Once upon a time on Tucson’s storied Miracle Mile, ladies of the night worked the strip of seedy no-tell motels as families gathered for bowling nights out and cars zipped along toward North Oracle Road and the gateway of the area’s retail behemoth Tucson Mall.

But beneath the glitz of their made-up facades, Tucson R&B singer Connie Brannock envisioned in these women broken dreams and unfulfilled promises.

“Some of those women, they don’t have any other way to get by,” Brannock said. “I believe you can find love in the grittiest places.”

That’s the premise of her new song “Miracle Mile” that pays homage to the women who work the streets looking for more than life handed them. Last week, Brannock, who has been a regular on Tucson stages since 2009, released a music video that tells the story of a working girl making ends meet on Miracle Mile when she meets a mechanic and falls in love.

“It’s kind of a dreamy kind of thing, but it has that grit, it shows that part of Tucson … of what that whole scene was like in ’80s,” said Brannock, who moved to Tucson in 2008 after retiring from the military.

Brannock was inspired to write the song, which is on her forthcoming EP “Last Call,” by her connection to Miracle Mile’s Monterey Court, a popular venue for local and touring artists. Although prostitution has largely faded from plain sight as the sex trade has moved to the digital world, Brannock is fascinated by the area’s history.

“Miracle Mile” is one of six songs on “Last Call,” which she hopes to release in mid-June.

She made the video last fall casting Bisbee actress Sonia Rita Allen in the lead.

The mechanic is played by David Sandoval, who regularly attends Brannock’s Monterey Court shows.
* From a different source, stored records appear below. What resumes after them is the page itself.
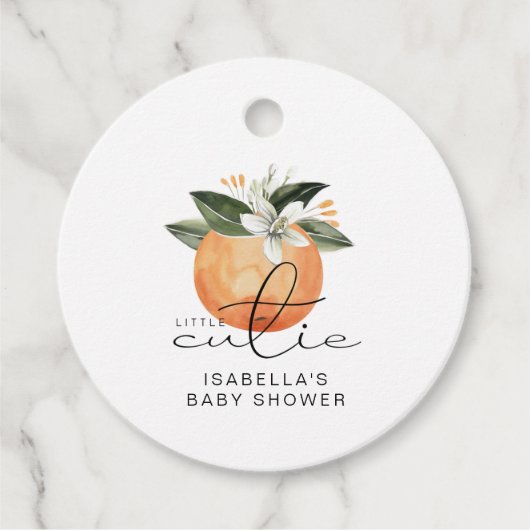 CALLIOPE Little Cutie Clementine Baby shower Bedankjes Labels (Voorkant)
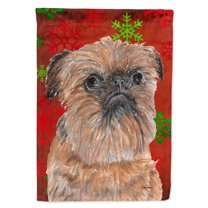 Carolines Treasures SC9586-FLAG-PARENT Brussels Griffon Red Snowflake Christmas Flag multicolor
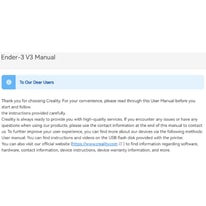 Creality Ender-3 V3 3D Printer User Manual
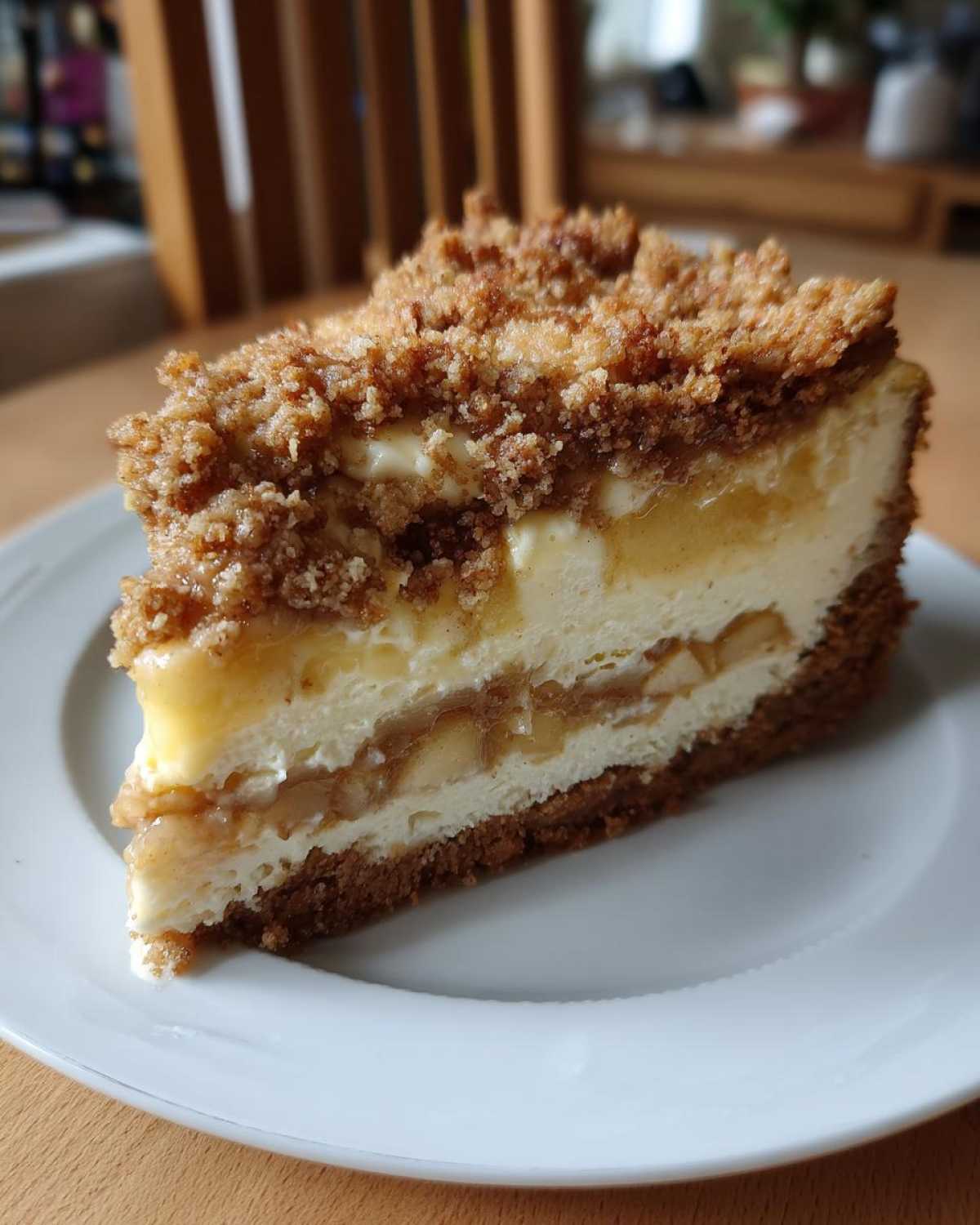 A delicious slice of apple crisp cheesecake with layers of apple filling and a crumbly topping.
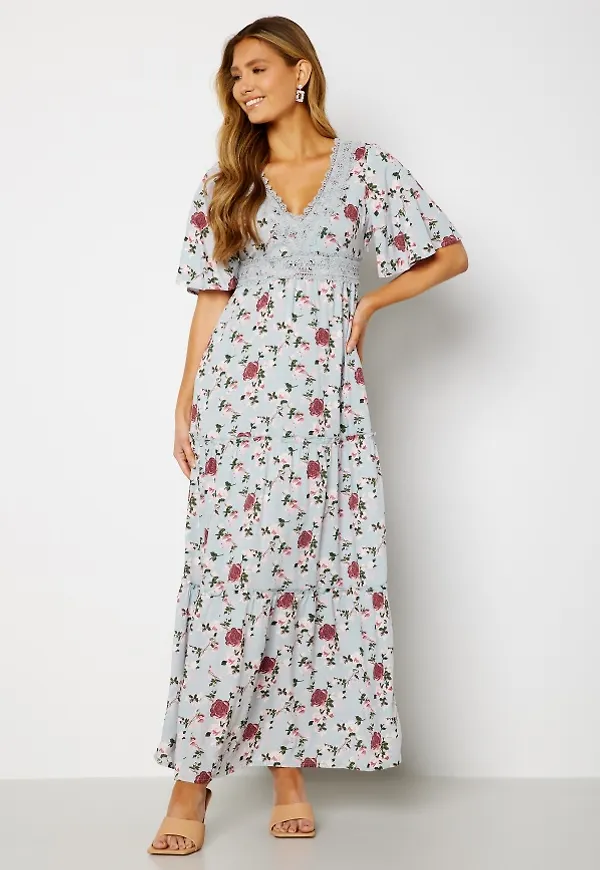 Happy Holly Emilia Dress Light blue / Floral 36/38
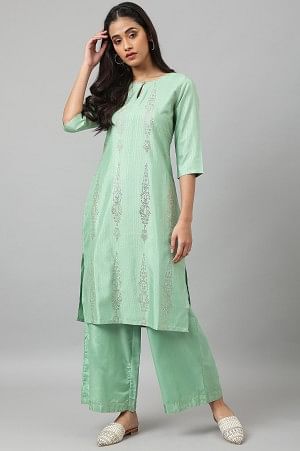 Green Solid Shantung Parallel Pants - Image 4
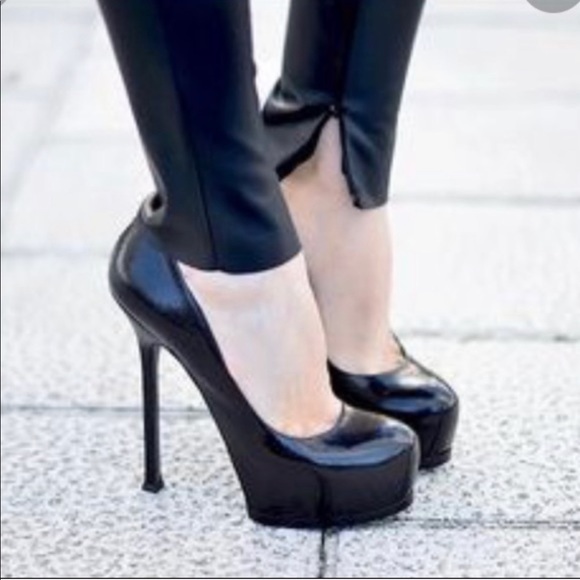 SOLD YSL Tribtoo Platform Pumps Yves Saint Laurent Tribute Leather 38.5 Black - Picture 14 of 14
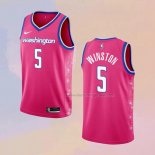 Men's Washington Wizards Cassius Winston NO 5 City 2022-23 Pink Jersey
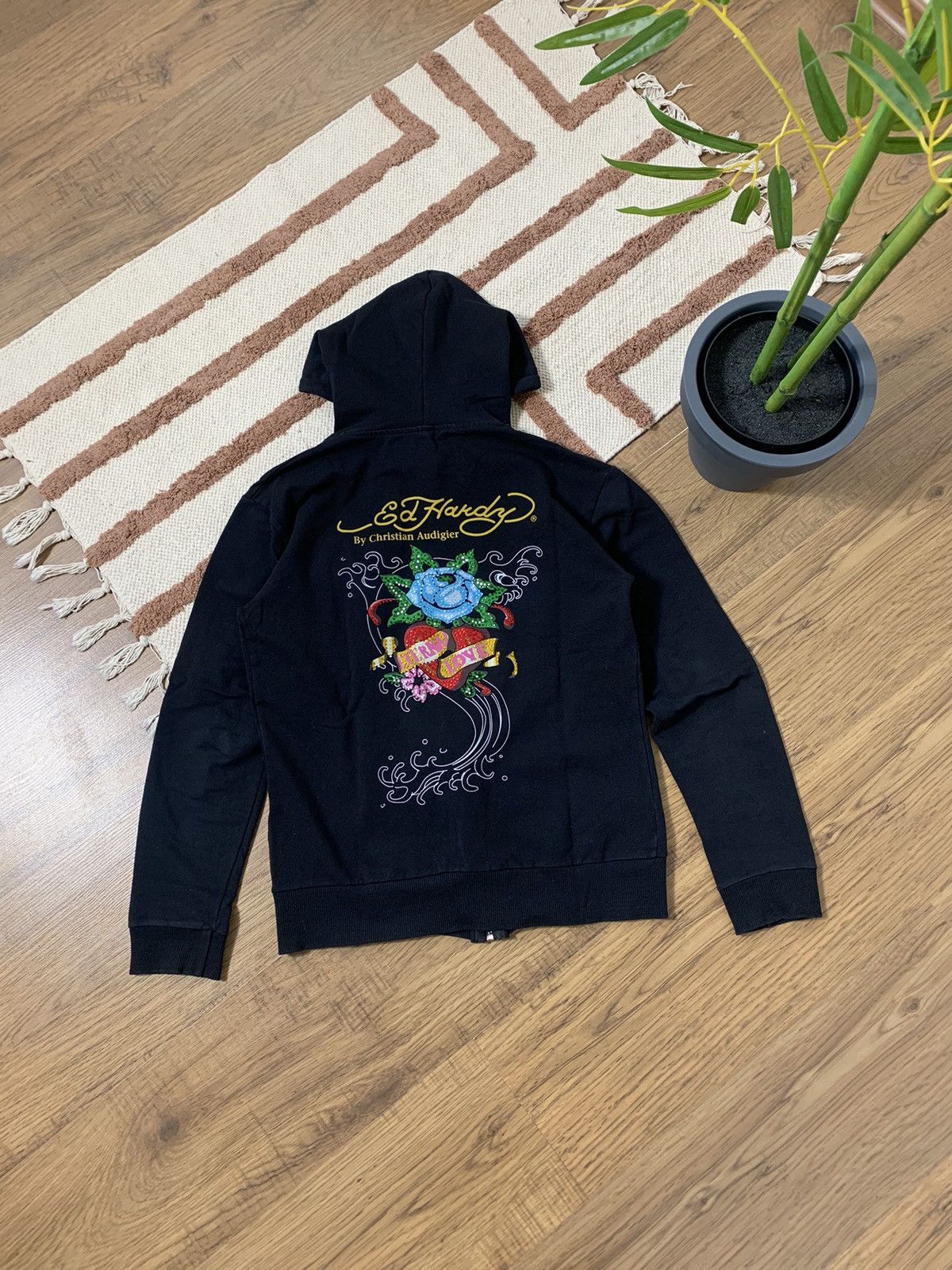 image of Vintage Ed Hardy By Christian Audigier 2000S Zip Up Hoodie in Black, Women's (Size Large)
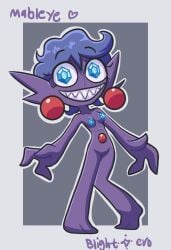 anthro anthrofied blightstar character_name earrings gem gem_eyes gem_nipples gem_on_belly knees_together_feet_apart looking_at_viewer mableye_(blightstar) oc original original_character pointy_ears pokemon pokemon_(species) pokemon_rse purple_body purple_hair pussy sableye small_breasts standing tagme toothy_grin vagina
“I would see him sitting there with a martini,” she said, adding that she had decided if she was ever to make a video, she wanted to have him in it.

The video also features the legs of two older non-Hispanic women identified as “Fritter and Bubbles;” one of them is Brannock’s wife, Amy Weintraub. In addition to the EP, Brannock, who has been a substitute teacher in Tucson for several years, is writing children’s songs about desert creatures including songs about a cactus wren, a little cactus and jumping cholla.

“What else are you going to do when you’re in quarantine?” she said. “I can’t gig. I can’t substitute teach. I love kids. They’re biohazards, the little teeny ones, but I love them.”

In the fall, Brannock will release a tribute song to the University of Arizona women’s basketball team.